(Stored data)
------
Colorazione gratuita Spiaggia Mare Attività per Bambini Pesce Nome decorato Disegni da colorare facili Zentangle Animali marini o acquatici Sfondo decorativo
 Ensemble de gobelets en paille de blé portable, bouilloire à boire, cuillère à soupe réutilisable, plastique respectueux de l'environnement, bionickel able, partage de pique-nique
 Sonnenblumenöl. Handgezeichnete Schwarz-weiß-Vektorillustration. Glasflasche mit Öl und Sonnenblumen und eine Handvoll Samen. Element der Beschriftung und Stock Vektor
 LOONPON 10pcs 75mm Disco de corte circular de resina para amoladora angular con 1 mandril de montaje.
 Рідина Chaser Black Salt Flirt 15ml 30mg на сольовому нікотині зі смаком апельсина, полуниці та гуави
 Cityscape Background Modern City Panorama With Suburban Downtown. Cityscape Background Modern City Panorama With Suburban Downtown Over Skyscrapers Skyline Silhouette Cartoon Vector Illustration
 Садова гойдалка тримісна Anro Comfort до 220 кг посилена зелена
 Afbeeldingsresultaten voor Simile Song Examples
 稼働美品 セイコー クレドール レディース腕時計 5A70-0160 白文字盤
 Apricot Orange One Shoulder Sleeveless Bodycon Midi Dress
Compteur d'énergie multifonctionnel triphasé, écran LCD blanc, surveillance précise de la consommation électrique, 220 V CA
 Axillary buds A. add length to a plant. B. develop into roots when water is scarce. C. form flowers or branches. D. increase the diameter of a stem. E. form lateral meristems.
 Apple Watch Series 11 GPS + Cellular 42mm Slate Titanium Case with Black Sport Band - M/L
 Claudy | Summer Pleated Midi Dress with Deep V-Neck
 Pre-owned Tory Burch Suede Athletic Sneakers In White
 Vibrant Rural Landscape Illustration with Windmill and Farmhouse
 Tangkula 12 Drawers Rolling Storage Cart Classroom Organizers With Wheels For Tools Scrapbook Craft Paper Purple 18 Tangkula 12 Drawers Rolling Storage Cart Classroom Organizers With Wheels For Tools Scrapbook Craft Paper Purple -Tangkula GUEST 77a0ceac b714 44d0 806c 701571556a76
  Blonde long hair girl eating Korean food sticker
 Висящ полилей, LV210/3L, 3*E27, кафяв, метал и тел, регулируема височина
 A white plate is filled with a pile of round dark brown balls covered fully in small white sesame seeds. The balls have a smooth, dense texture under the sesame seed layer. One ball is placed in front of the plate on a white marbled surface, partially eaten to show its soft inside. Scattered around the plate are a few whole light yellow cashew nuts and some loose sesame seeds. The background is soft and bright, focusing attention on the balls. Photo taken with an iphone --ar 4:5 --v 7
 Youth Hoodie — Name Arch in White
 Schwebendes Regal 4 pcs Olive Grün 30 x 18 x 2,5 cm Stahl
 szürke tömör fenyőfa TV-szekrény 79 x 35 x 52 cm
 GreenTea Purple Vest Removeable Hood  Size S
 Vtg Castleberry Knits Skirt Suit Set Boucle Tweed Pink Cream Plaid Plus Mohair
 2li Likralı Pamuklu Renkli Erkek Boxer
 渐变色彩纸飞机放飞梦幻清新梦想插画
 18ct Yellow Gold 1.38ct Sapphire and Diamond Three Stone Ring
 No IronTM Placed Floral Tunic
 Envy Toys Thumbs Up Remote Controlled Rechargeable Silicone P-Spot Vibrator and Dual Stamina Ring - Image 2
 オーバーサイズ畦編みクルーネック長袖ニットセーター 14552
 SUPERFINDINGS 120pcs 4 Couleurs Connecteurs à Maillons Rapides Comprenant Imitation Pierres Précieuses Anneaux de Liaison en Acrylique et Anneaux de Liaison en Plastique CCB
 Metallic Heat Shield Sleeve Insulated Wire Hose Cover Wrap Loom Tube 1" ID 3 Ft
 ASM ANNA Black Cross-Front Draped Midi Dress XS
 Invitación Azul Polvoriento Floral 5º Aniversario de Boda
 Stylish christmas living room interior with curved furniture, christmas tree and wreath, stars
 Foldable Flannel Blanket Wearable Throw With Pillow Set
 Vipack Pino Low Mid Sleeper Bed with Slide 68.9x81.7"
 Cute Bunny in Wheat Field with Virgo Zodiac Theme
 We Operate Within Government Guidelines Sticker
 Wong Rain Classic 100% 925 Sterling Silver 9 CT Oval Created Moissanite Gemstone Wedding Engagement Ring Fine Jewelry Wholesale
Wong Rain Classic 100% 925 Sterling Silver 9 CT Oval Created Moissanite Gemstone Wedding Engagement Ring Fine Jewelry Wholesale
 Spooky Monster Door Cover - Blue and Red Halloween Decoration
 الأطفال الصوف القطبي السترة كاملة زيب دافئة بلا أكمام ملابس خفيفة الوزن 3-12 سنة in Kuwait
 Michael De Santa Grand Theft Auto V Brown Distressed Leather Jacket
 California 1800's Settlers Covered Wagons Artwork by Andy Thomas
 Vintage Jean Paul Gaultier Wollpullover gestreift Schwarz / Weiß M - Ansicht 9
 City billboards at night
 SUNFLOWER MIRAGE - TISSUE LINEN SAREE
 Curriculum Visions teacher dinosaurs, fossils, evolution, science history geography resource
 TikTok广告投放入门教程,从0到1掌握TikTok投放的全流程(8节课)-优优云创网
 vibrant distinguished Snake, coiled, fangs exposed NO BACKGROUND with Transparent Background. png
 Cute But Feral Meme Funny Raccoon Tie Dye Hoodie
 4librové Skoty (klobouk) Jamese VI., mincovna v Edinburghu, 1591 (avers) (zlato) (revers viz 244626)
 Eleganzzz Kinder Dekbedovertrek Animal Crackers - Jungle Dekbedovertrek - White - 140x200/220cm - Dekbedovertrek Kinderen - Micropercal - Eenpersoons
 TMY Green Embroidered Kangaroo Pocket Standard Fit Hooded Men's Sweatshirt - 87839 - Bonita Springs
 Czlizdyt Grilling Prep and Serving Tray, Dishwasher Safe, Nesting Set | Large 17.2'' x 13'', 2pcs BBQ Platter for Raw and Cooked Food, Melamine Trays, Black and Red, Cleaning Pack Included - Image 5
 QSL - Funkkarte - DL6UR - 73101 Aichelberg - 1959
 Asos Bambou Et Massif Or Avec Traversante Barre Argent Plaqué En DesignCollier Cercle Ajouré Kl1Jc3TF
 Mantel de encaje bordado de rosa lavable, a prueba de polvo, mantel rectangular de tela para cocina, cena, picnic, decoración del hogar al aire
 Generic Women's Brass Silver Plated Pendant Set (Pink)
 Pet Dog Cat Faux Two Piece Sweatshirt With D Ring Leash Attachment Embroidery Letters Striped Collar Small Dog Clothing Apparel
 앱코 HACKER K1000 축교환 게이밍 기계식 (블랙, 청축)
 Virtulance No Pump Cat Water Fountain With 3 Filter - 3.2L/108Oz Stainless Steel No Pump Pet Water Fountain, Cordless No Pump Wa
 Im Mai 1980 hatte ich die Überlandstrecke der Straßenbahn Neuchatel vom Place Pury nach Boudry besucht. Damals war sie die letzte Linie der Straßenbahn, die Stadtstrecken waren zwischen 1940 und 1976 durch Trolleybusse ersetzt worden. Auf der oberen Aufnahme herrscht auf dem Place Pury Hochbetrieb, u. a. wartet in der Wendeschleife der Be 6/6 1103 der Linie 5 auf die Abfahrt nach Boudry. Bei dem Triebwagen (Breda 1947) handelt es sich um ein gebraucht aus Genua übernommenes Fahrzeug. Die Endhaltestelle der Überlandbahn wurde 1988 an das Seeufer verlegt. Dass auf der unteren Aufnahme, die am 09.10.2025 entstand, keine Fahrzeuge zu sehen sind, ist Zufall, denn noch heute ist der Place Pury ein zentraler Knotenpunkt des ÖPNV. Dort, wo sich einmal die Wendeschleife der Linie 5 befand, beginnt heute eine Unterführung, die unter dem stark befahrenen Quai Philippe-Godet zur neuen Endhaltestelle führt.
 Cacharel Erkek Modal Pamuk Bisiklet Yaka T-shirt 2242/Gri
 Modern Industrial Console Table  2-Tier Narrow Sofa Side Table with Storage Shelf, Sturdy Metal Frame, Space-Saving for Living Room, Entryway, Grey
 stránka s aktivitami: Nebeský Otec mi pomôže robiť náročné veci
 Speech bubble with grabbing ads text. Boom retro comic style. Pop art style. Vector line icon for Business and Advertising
------
• WHAT TO WORK ON
Search the entries for the word "Wong" and gather every line where it appears.

• OUTPUT BELOW
 Wong Rain Classic 100% 925 Sterling Silver 9 CT Oval Created Moissanite Gemstone Wedding Engagement Ring Fine Jewelry Wholesale
Wong Rain Classic 100% 925 Sterling Silver 9 CT Oval Created Moissanite Gemstone Wedding Engagement Ring Fine Jewelry Wholesale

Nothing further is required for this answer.